Given records

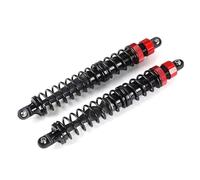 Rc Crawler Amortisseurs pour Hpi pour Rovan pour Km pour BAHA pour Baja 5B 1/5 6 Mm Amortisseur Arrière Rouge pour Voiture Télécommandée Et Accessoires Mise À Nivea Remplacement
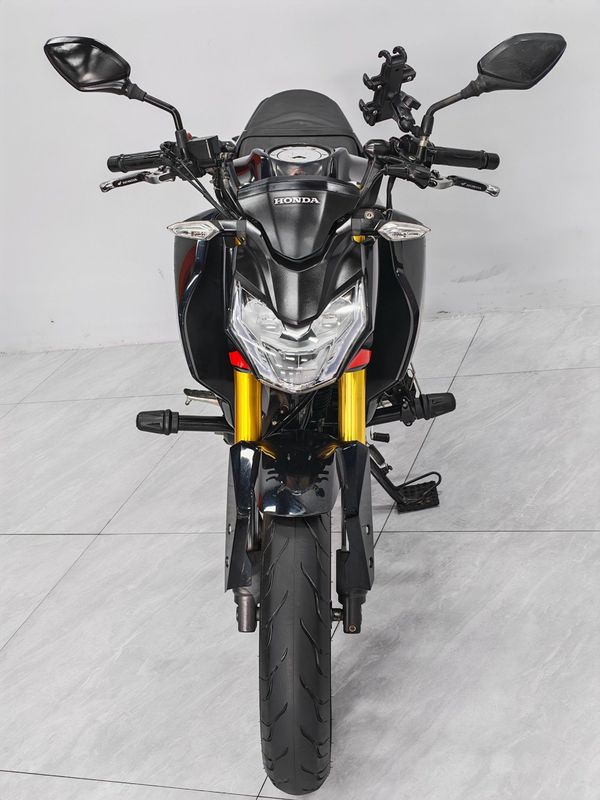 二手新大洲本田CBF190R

==

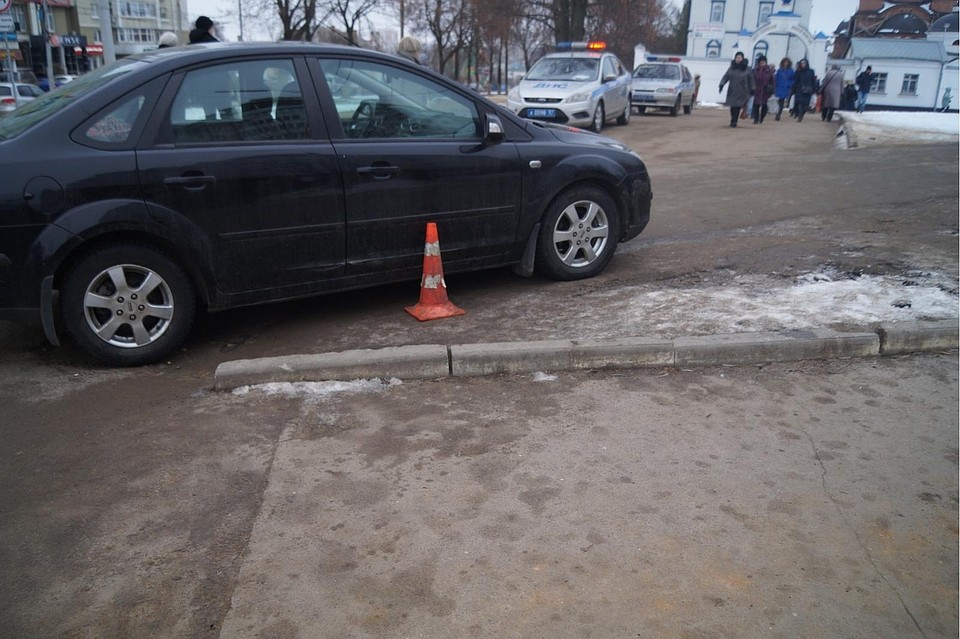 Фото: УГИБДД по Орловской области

Work order
Print everything from the line with "Rc Crawler Amortisseurs" down to the line with "二手新大洲本田CBF190R" in the entries above, both lines included and nothing more, without the pictures.

Solution to this exercise
 Rc Crawler Amortisseurs pour Hpi pour Rovan pour Km pour BAHA pour Baja 5B 1/5 6 Mm Amortisseur Arrière Rouge pour Voiture Télécommandée Et Accessoires Mise À Nivea Remplacement
 二手新大洲本田CBF190R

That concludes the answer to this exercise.